Si les cafés-bars restent les lieux les plus populaires pour le karaoké, les versions mobiles comme le "Vélo Karaoké" de Rudi Hantoro connaissent un succès grandissant Ph. AFP /G. Chai Hin

"C'est du karaoké pour tout le monde, conducteurs de bus, femmes au foyer, étudiants et chauffeurs de taxi...", raconte-t-il, pendant qu'un homme tatoué chante du rock au rythme des paroles qui défilent sur l'écran et au milieu de ses amis qui se déhanchent. Les participants doivent débourser 5.000 roupies (30 centimes €) pour trois chansons ou 10.000 roupies (60 centimes) pour sept titres, un prix raisonnable pour une offre comprenant du rock indonésien, des classiques en anglais et des "dangdut", un genre de musique pop locale connue pour ses paroles impudiques et ses mouvements de danse torrides.

"Après une dispute avec ma femme, je chante des chansons tristes ici", confie Abdul Haris Jamaludin, un conducteur de minibus âgé de 28 ans, amateur régulier du karaoké cyclo-pousse.

Dans un wagon ou en bus VIP 

Il existe d'autres options de karaoké mobile, motorisées et plus chères. Elles s'adressent à ceux, nombreux, qui ont vu leurs moyens augmenter ces dernières années à la faveur d'une forte croissance dans la première économie d'Asie du Sud-Est.

Pour organiser une soirée avec des amis, on peut ainsi louer un wagon de train équipé d'un système de karaoké. Il en coûte entre 20 et 40 millions de roupies (entre 1.320 et 2.640€) pour un wagon de 20 à 28 sièges équipé de canapés moelleux.

Une fois loué, le wagon est attaché à un train desservant une ligne régulière sur l'île de Java, avec plusieurs destinations possibles. Au total, 12 "wagons karaoké" ornés de décorations de différentes cultures de l'archipel peuvent être loués.

A Jakarta, un bus "Royale VIP" équipé d'une machine à karaoké, de deux pistes de danse et d'éclairages laser est à louer, au grand bonheur des amateurs qui s'en donnent à coeur joie en se déplaçant dans les embouteillages de la capitale au trafic congestionné.

Pour ceux qui préfèrent rester chez eux, il existe plusieurs offres dans la mégapole, à l'image de la petite société "Splash Mobile Karaoke", au slogan alléchant: "Le karaoké quand vous voulez et où vous voulez.
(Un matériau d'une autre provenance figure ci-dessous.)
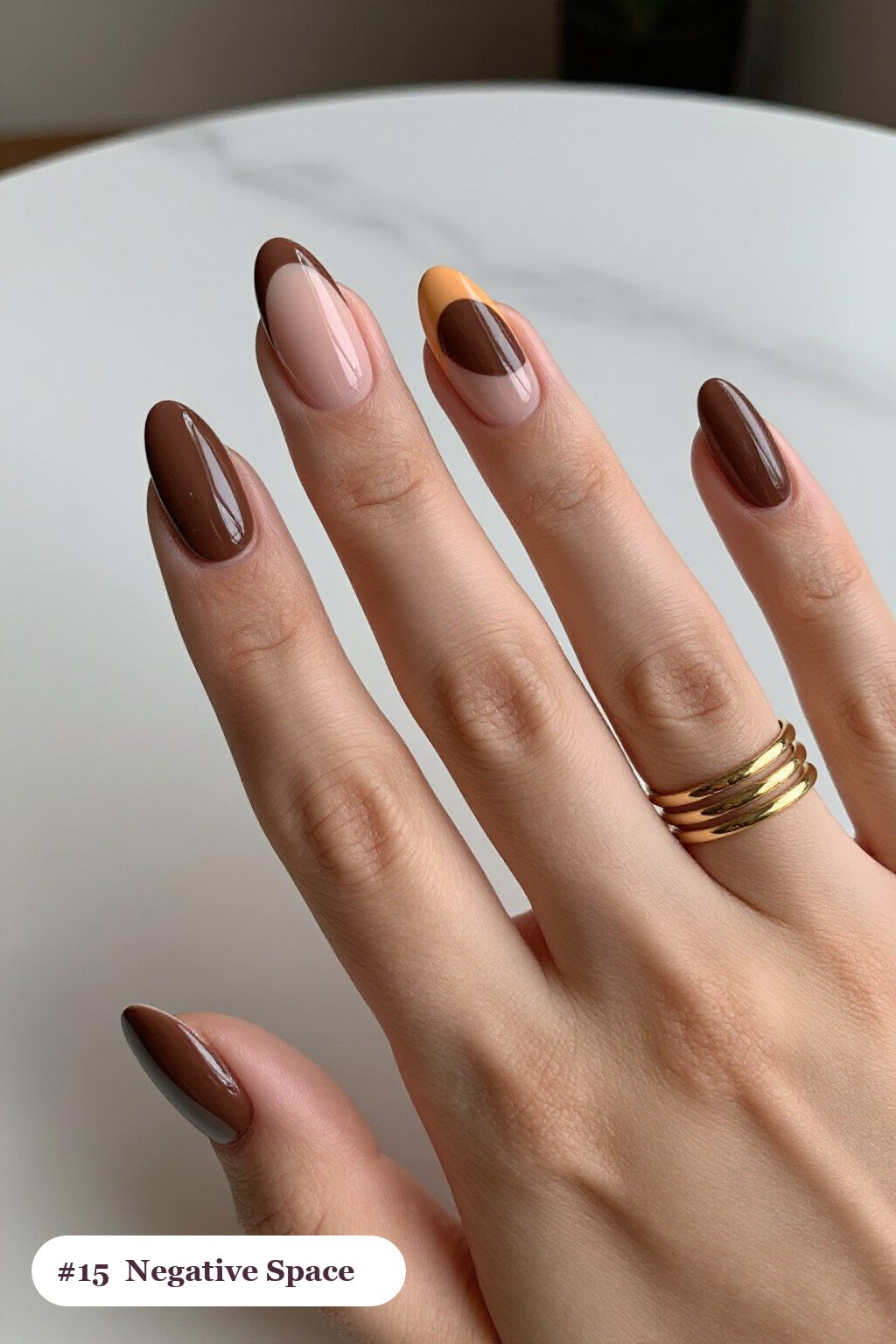 Medium almond chocolate brown nails in a negative-space design with sheer nude windows and bold colour shapes, perfect for fall - fall almond nails designs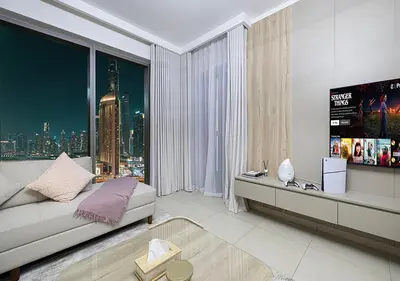 a living room with a couch and a large window at Amazing 2BR Home Burj Khalifa View Steps Walk to DubaiMall in Dubai
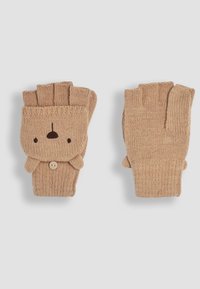 Guanti senza dita in maglia beige con design faccia di orso, dettaglio con bottone e texture a treccia. Dita aperte per una maggiore destrezza.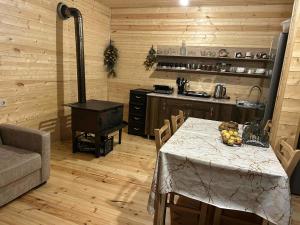a kitchen with a table and a stove in a room at Cottage SUNNY in Itʼkhvisi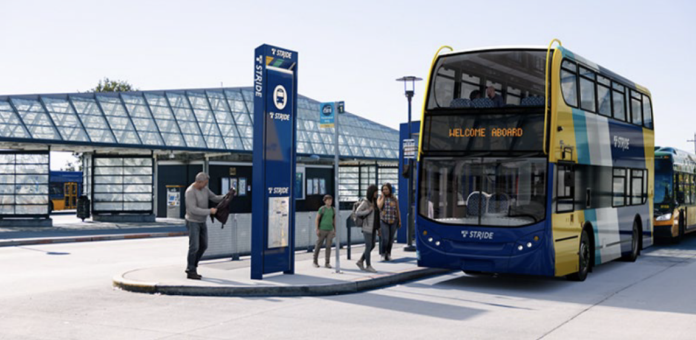 A double decker bus is rendered in Stride livery sitting at a bus station.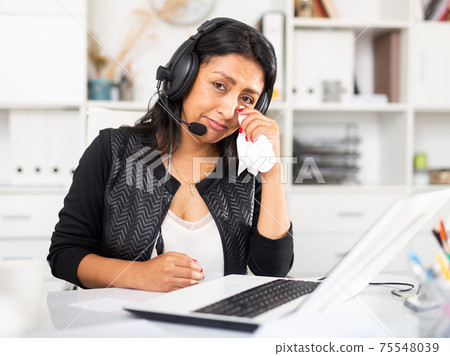 Frustrated woman customer support phone operator at workplace 75548039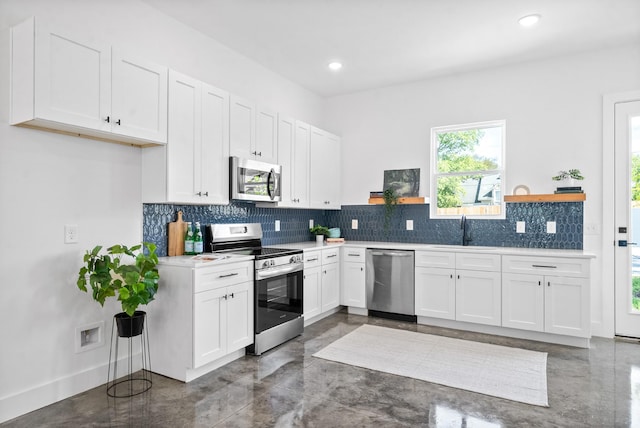 kitchen with tasteful backsplash, white cabinetry, sink, and stainless steel appliances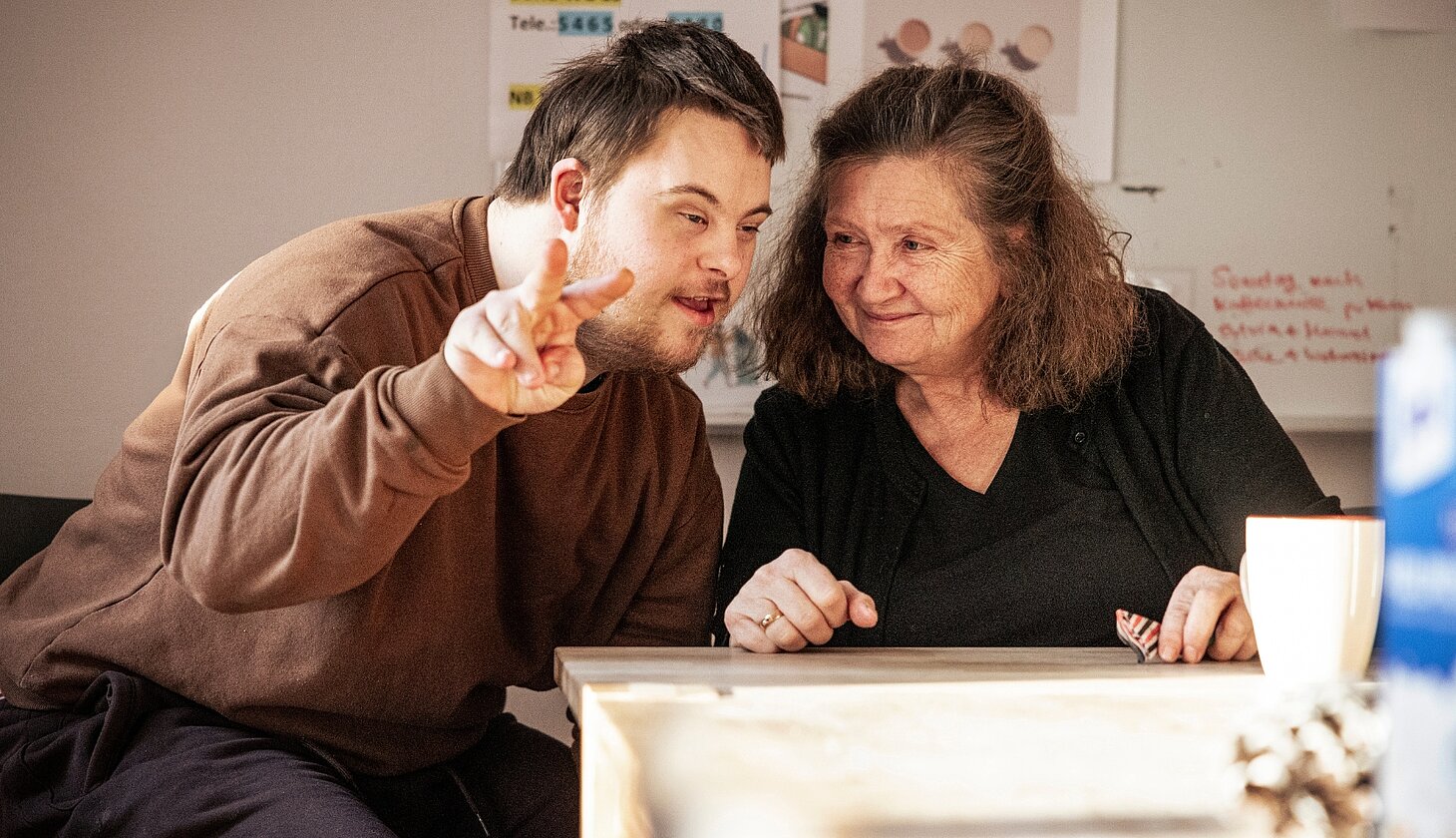 Ein Mann mit Behinderung und eine Assistenzkraft sitzen an einem Tisch eng zusammen. Der Mann macht mit den Fingern das Victory-Zeichen in Richtung Kamera.  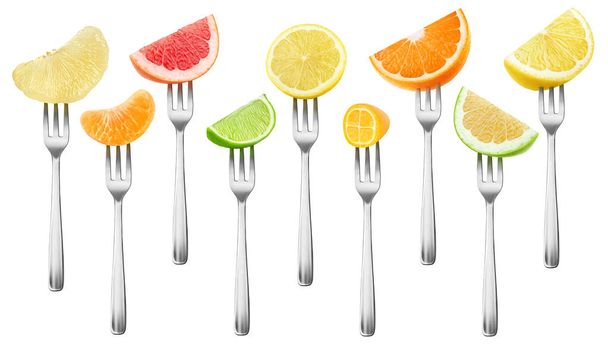 Collection isolée de morceaux d'agrumes. Fruits de pamplemousse, citron, orange, citron vert et kumquat sur une fourchette à dessert isolée sur fond blanc avec chemin de coupe
 - Photo, image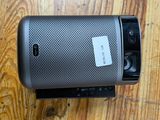 a close up of a speaker sitting on top of a wooden floor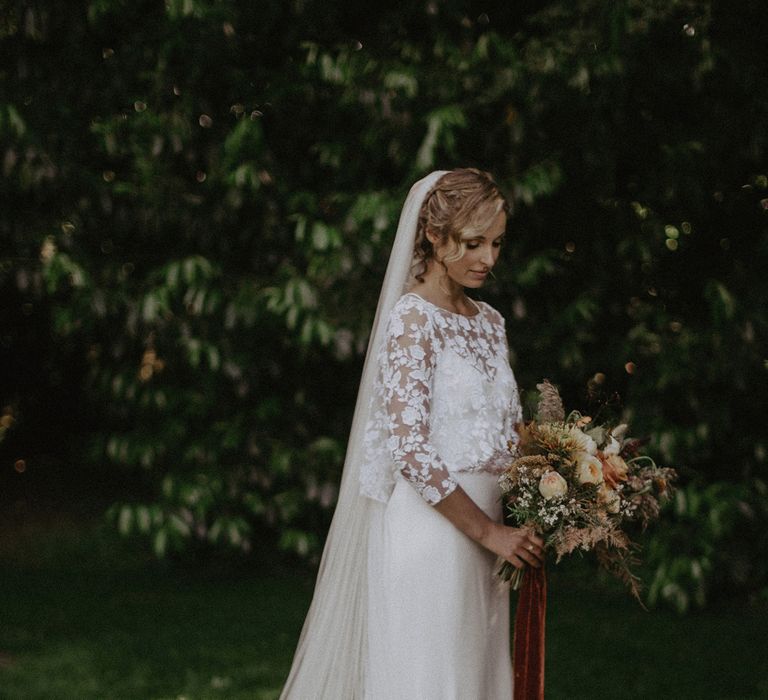 Bride in white Rime Arodaky wedding dress and mesh embroidered floral top with three-quarter length sleeves stands wearing church length veil and holding mixed burnt orange bridal bouquet at garden wedding with burnt orange wedding theme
Choisissez le lieu et on s'occupe de tout". Ce service lancé il y a deux ans est en plein boom, assure son créateur, Benny Navaro. Il propose des karaokés pour mariages, anniversaires, soirées d'adieu, réunions familiales...

Dans ce pays qui se réclame d'un islam modéré, certains musulmans conservateurs considèrent le karaoké comme une source de péchés. Ce qui conduit certaines boîtes de nuit à karaoké à fermer pendant le mois du jeûne du ramadan, afin d'éviter toute confrontation avec des partisans d'un islam rigoriste. Mais un nombre croissant d'Indonésiens estime au contraire que l'offre est insuffisante: "Si seulement il y avait plus de divertissements comme ça pour les gens ordinaires", estime Jamaludin, un habitué du karaoké en version cyclo-pousse. "Si vous avez des problèmes à la maison, ça peut vraiment vous remonter le moral".